Ease of implementation: today most solutions are pretty easy to use. They offer high level API, simple deployment and good documentation. The best suggestion is to spend a little bit of time on the internet checking the available solutions. One good parameter to watch for is richness of documentation and examples and quick support.
Another important thing is to check which solutions offer rich tools out of the box that will save you countless hours of development, again based on your requirements.
When you say cloud I guess you mean SaaS (Software as a Service): you do not want to run/operate servers I assume.
(TNET is no SaaS.)
Critical Mission SWAT is using Unity + Photon Cloud (US, EU, Japan).
Web, Android; iPhone, IPad, very high ratings. Give it a try to check the latency.
Or: http://beta.verdungame.com/ (Mike is killing it ;))
When it comes to price …
100 Concurrent Users (CCU) generate 2,000 messages per second 100CCU so generate 1,000,000,000 messages per month (what?!) >> Yes, really: http://bit.ly/msg-per-second
It is still $19 with Photon Cloud.
Be sure to pick a partner that has no message/month cap.
Interesting? So this is made with Photon Cloud? What does he do to prevent cheating? (only if you know)
I love Photon Cloud and we were using it for a project that will go into real production now.
But we are looking at uLink at the moment because we want to prevent cheating, and dont want to write
physics for the server side our self.
Of cause you can do a lot of checks using Photon Cloud to prevent cheating but still a bit limited. Or
Maybe i do not know enough of it.
Yeah we run verdun entirely on the PUN cloud. We don’t run a single server ourselves (we have only local accounts which will be synched via iCloud/Steam later).
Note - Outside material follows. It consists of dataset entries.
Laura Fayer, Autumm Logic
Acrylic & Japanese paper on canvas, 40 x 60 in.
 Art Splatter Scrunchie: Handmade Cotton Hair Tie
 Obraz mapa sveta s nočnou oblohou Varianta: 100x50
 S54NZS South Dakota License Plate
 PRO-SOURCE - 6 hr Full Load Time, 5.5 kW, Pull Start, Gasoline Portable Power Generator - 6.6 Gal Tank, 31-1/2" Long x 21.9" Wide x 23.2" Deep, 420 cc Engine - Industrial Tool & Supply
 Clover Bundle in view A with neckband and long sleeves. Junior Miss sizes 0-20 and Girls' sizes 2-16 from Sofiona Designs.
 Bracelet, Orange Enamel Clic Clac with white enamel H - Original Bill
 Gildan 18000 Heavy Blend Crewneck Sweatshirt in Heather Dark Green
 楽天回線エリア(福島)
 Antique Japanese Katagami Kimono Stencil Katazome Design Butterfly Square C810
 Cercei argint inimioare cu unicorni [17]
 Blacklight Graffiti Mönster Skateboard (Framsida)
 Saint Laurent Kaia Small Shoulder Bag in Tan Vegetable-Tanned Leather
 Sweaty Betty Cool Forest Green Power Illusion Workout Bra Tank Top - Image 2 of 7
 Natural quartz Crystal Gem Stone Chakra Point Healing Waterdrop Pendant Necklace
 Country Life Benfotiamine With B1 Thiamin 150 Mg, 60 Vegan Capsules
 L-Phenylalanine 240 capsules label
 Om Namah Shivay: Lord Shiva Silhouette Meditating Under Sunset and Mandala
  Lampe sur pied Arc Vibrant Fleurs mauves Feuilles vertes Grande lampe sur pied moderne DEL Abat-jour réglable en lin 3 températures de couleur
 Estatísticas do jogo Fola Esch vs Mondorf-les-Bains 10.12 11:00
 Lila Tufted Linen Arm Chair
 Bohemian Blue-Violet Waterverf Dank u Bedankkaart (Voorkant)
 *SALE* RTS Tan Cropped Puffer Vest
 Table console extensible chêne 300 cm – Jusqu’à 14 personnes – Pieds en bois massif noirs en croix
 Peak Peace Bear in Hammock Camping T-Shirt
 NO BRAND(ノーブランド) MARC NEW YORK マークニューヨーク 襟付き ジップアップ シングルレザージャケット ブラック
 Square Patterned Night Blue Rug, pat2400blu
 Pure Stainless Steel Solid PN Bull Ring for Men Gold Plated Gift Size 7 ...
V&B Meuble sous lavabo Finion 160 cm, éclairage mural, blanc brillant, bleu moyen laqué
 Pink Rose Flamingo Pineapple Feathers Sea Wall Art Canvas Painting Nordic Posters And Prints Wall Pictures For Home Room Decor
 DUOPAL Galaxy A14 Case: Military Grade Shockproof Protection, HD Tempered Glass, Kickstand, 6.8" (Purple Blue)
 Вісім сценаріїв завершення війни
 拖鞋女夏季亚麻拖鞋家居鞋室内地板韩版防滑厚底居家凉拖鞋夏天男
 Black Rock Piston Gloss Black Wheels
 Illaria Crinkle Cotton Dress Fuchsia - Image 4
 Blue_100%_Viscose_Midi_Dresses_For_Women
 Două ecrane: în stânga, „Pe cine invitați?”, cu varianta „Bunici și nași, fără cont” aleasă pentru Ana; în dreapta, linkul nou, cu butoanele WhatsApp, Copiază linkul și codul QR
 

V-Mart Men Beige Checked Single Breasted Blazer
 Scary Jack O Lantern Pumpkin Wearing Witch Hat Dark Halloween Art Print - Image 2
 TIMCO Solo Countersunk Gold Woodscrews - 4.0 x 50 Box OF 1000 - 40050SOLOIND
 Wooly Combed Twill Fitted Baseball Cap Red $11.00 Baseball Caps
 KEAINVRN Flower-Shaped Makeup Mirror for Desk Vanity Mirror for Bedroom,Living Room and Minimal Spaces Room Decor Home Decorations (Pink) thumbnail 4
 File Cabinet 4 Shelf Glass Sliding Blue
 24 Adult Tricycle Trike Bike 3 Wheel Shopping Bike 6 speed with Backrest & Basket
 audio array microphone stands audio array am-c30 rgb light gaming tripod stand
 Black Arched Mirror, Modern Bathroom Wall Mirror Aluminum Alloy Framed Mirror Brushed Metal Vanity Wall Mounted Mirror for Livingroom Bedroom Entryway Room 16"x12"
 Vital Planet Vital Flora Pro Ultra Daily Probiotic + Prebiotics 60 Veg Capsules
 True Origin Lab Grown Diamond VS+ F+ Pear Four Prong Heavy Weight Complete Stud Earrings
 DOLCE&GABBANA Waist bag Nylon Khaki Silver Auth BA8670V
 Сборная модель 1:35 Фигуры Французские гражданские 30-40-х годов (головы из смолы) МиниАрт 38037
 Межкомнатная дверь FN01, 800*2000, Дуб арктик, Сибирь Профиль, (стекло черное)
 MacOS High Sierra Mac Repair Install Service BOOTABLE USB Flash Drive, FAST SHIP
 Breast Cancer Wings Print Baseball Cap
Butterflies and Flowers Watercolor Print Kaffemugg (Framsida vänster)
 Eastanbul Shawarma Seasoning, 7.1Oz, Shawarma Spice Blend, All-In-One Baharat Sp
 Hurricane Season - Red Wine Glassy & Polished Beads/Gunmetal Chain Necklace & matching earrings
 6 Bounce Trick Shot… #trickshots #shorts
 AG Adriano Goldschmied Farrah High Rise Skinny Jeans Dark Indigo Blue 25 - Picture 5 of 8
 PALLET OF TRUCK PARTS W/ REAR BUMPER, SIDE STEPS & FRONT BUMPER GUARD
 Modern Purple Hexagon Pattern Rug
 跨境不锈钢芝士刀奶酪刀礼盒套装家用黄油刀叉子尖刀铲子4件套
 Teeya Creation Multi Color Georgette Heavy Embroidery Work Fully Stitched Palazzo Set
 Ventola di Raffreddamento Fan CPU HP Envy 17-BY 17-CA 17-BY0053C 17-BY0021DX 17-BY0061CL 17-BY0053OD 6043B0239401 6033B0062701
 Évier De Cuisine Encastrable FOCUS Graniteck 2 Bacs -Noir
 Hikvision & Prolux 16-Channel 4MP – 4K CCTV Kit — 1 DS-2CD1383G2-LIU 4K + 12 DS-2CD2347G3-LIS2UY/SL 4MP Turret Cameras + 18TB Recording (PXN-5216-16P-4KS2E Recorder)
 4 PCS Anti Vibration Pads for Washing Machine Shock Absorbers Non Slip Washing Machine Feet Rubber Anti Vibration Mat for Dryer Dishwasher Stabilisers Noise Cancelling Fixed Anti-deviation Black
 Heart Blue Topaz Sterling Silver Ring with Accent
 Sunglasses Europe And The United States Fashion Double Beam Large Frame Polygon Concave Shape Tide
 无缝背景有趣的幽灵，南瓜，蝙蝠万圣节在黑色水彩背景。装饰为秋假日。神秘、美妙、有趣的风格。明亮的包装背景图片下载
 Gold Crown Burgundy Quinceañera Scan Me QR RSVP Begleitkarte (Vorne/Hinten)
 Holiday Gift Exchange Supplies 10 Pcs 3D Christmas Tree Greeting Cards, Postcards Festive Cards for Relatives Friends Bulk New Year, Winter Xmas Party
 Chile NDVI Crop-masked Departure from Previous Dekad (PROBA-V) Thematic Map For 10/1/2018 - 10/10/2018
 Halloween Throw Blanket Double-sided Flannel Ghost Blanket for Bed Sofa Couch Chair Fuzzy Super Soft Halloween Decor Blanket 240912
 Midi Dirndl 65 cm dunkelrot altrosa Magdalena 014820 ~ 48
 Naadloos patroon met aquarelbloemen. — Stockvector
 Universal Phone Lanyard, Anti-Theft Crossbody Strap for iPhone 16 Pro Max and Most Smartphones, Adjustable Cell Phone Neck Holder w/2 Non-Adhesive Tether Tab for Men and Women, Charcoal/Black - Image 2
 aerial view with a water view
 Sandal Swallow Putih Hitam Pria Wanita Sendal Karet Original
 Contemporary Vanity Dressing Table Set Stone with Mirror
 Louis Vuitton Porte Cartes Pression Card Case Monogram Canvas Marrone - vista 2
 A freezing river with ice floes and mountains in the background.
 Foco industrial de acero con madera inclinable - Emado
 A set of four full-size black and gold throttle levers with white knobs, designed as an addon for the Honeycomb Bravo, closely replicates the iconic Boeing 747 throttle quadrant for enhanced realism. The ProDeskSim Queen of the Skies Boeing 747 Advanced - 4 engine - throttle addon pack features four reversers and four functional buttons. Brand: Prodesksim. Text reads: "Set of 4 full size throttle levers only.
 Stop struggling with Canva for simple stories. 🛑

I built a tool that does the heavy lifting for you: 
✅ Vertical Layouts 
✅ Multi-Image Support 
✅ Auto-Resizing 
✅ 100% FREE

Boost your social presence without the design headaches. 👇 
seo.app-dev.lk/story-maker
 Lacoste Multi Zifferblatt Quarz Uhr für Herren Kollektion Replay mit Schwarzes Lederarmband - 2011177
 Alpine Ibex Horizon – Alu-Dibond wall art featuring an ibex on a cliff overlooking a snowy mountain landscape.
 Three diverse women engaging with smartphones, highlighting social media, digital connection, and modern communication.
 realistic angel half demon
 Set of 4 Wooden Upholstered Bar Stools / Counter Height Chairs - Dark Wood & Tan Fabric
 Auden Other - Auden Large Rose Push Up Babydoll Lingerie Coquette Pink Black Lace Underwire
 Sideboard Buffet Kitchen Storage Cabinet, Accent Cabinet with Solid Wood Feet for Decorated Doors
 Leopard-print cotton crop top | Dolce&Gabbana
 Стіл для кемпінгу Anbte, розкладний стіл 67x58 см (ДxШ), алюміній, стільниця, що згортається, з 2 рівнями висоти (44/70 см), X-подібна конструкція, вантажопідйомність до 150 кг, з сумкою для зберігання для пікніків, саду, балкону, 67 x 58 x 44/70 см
About cheating: We only noticed CheatEngine cheating so far (speedhack), which was easily fixed. We mostly ignore cheating, but we fix it as soon as it becomes an issue… we have other prios right now. We do already have this planned thoUgh. We will expand our anti-cheating measurements later in development. We will not use any server side detection. Firstly, most cheating is stopped by simple checks on the client itself (mainly memory “hack”), secondly, we will have clients check eachother. This saves us the hassle (and extra costs!) of server side physics etc.
I feel as a Indie I can’t be bothered by having to focus too much dev time on the cheaters. I would rather come up with creative solutions like detecting cheaters and putting them in isolated cheater-only game rooms ;).
Thanks for the answer. Good to know. Also had the thoughts of letting the master client control everything such as health ammo and such, and use cross checking between clients for projectiles hitting etc. Speedhacking sould also be rather easy to check for yes.
We still have this as an option if uLink fails to meet our requirements, but atbe moment it seems like we can handle a nice amount of ccu without a too high server cost.